August 25, 2005
Today is the 10th day since we arrived in New Jersey, which was the same day the disengagement from the Gaza strip was launched. We have been busy arranging our home, plugging in all the different cables, touring and exploring the surroundings and I have even spent some time in the office, trying to figure out what is expected from our endeavor in New Jersey.
All this time, like a silhouette, the disengagement is in the background, or should I say foreground. The day I entered the UJA building and was honored with an outstanding reception, the first settlement was evacuated. As we made our first visit to Target to get some lamps to lighten up our home, the lights were turned off at Neve Dekalim. The evening I attended a Reform Service at Temple Emeth in Teaneck, the synagogue in Netzarim was empty and will never hear prayers again. The day we were finally plugged in to cable TV, internet and telephone service, was the day the last settlers from the Shomron were carried out of their balcony on stretchers.
Many stories, photos and footage have covered the drama and tragedy of the disengagement and I would like to share one more story, the one about my good friend Aharon.
Aharon is a hi-tech engineer working for a successful firm in the north of Israel. I have known him for nearly 20 years as we have been serving in the same reserves paratrooper regiment since 1986. We have been at each others simchas, stood by each other when our children were born and were there for each other when either of us called for assistance. We served in Lebanon, patrolled along the Jordanian border, ambushed the creeks of Mount Hermon, manned the outposts of the Golan Heights and chased stone throwing children during two intifadas in Judea and Samaria.
My Regiment was recruited a few days before the disengagement to serve in the central Samaria region, while the local regular units were sent down to the Gaza strip for the disengagement. For the first time in 19 years I did not wear my uniform to join my friends and comrades for our annual duty.
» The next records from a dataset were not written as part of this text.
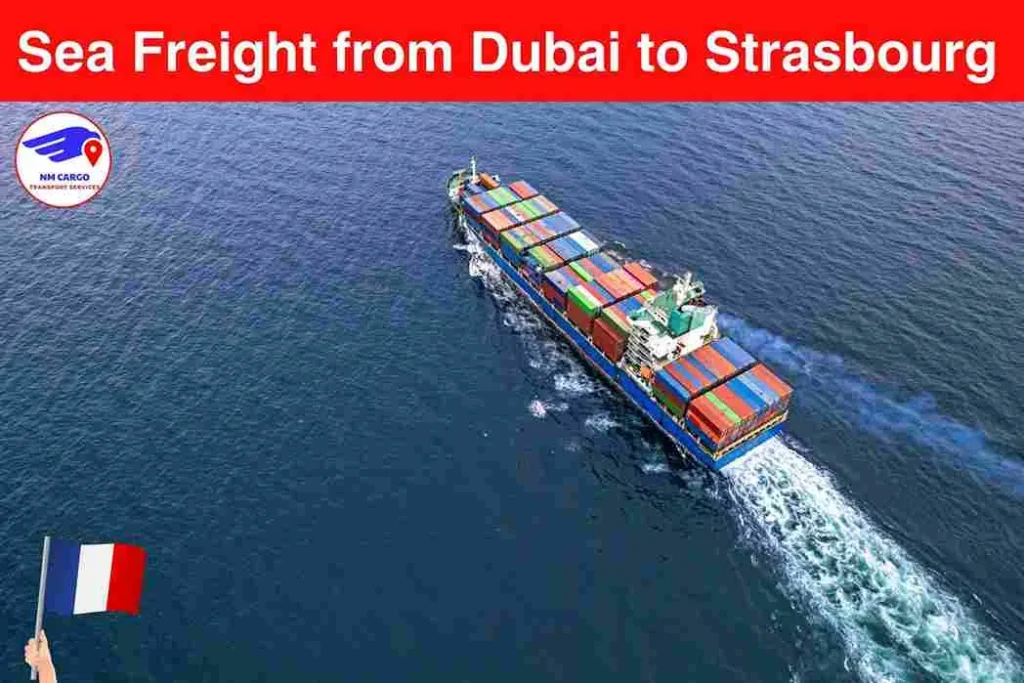 Sea Freight from Dubai to Strasbourg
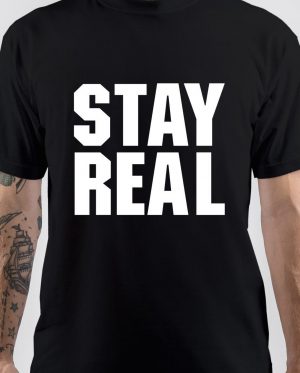 Stay Real T-Shirt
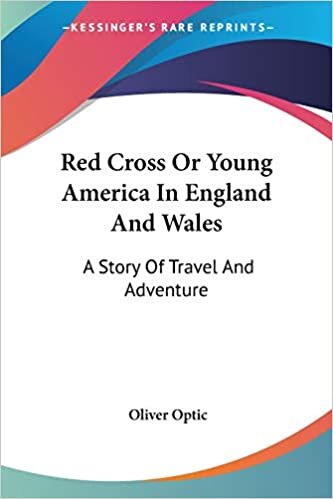 indir Red Cross Or Young America In England And Wales: A Story Of Travel And Adventure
To overcome the distance, I called Aharon every other day to hear how things were going. I was happy to hear that morale was high and all was fine, except for the usual bickering regarding the families left at home. We have always known that when we leave for our reserve duty we leave our families and homes and the burden of running the family scene falls on our wives. This is even harder during the summer vacation when the children are home and they need to be kept occupied.
I spoke with Aharon last Friday just before Shabbat, not long after he had arrived home after being away for two weeks. “The house was in a great mess” he told me, “My five kids running around cleaning and preparing for Shabbat”. The sink was full of dishes and many large empty cartons scattered everywhere. “Where is Ima” He asked his kids, “she has been cooking meals all morning for the families from the Gaza Strip who have been transferred to the nearby hotel for Shabbat” they told him….
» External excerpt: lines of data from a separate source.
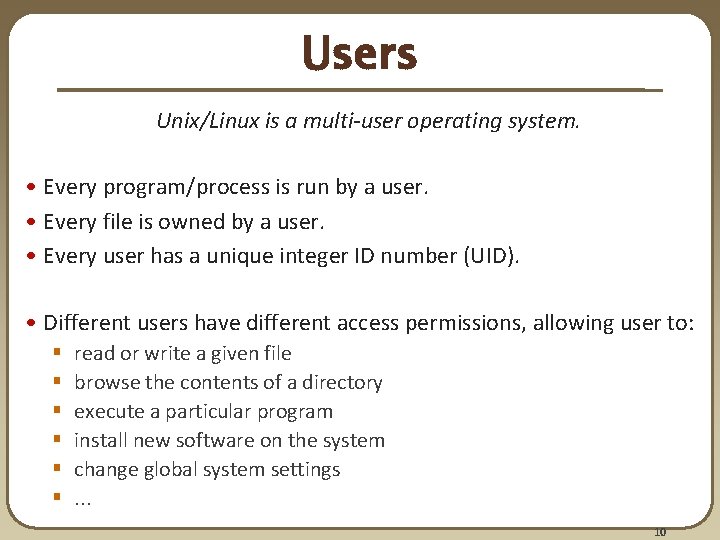 Users Unix/Linux is a multi-user operating system. • Every program/process is run by a Users Unix/Linux is a multi-user operating system. • Every program/process is run by a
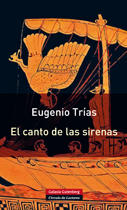 El canto de las sirenas - Eugenio Trías - Galaxia Gutenberg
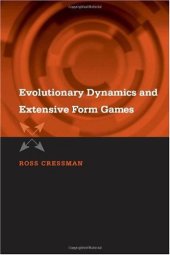 book Evolutionary Dynamics and Extensive Form Games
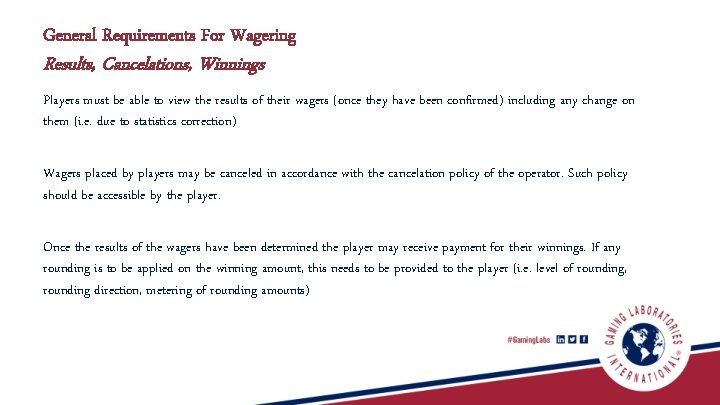 General Requirements For Wagering Results, Cancelations, Winnings Players must be able to view the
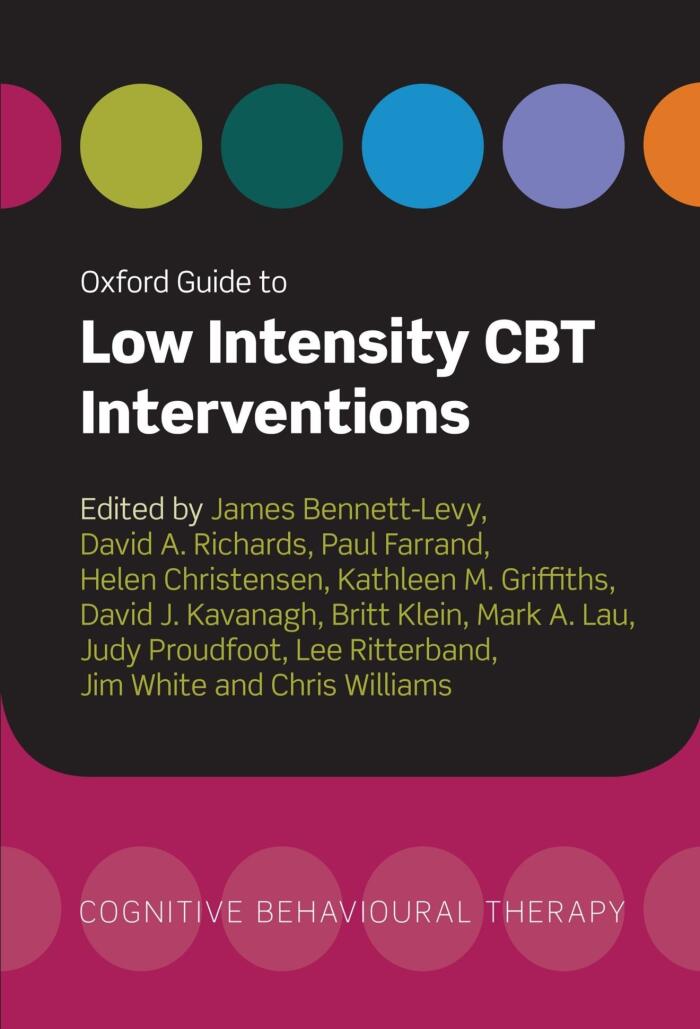 Oxford Guide to Low Intensity CBT Interventions (Oxford Guides to Cognitive Behavioural Therapy)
I was amazed. Here is an Israeli mother, whose husband has been called for military service during summer vacation, she is juggling between her 5 children , her job and her home and yet she still finds the time and energy to help these unfortunate families, who are starting again from scratch, and are in need for all the support they can get.
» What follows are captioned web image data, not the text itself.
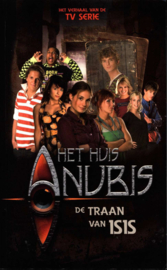 Het Huis Anubis / 06 De traan van Isis ,  Alexandra Penrhyn Lowe  Serie: Het huis Anubis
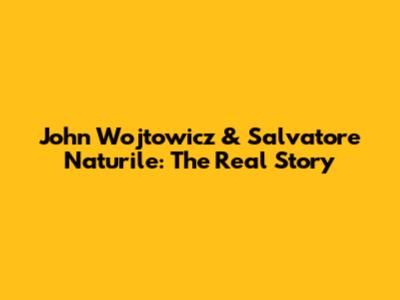 John Wojtowicz & Salvatore Naturile: The Real Story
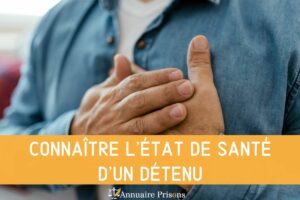 connaitre l'état de santé d'un proche détenu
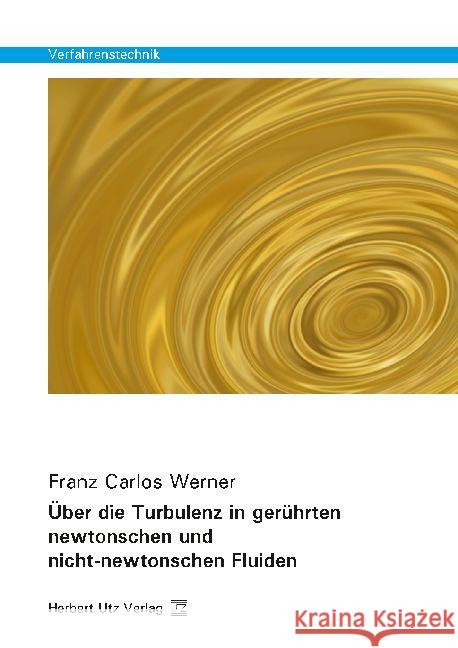 Über die Turbulenz in gerührten newtonschen und nicht-newtonschen Fluiden : Dissertationsschrift Werner, Franz Carlos 9783831682775 Utz - książka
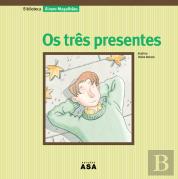 Os Três Presentes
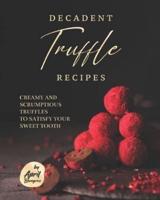 Decadent Truffle Recipes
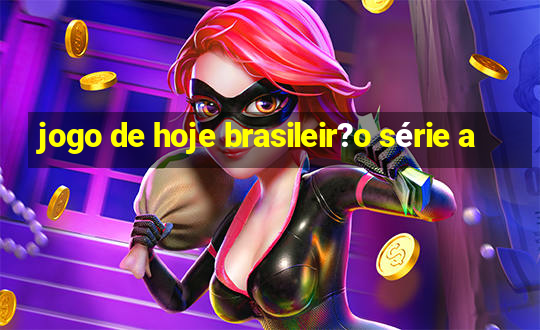 jogo de hoje brasileir?o série a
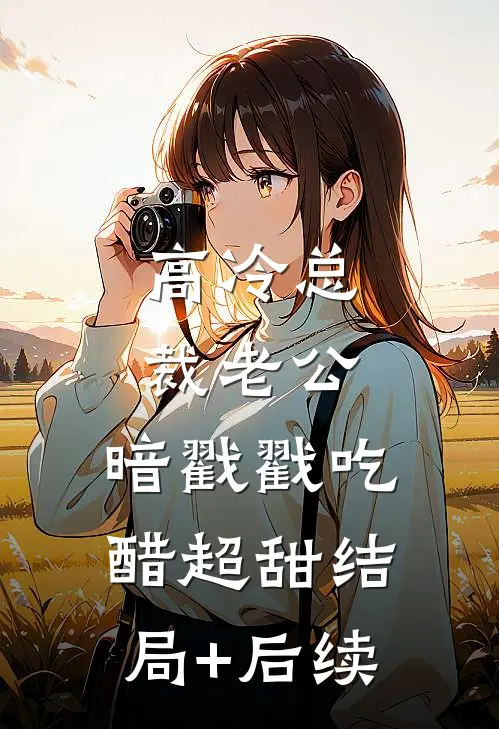高冷总裁老公，暗戳戳吃醋超甜结局+后续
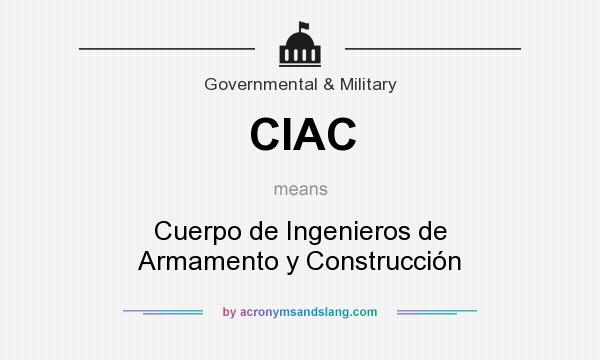 What does CIAC mean? It stands for Cuerpo de Ingenieros de Armamento y Construcción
Because of women like Gahlilit Weiss, I am confident that Israel has the strength to overcome the current crisis it is confronting. The combination of the strength and compassion demonstrated by the Weiss family is a mirror of the values of Israeli society which enabled us to succeed these last two weeks with an impossible mixture of emotion and determination.
Yashar Koach Weiss family, Yashar Koach Medinat Israel. I am proud of you all.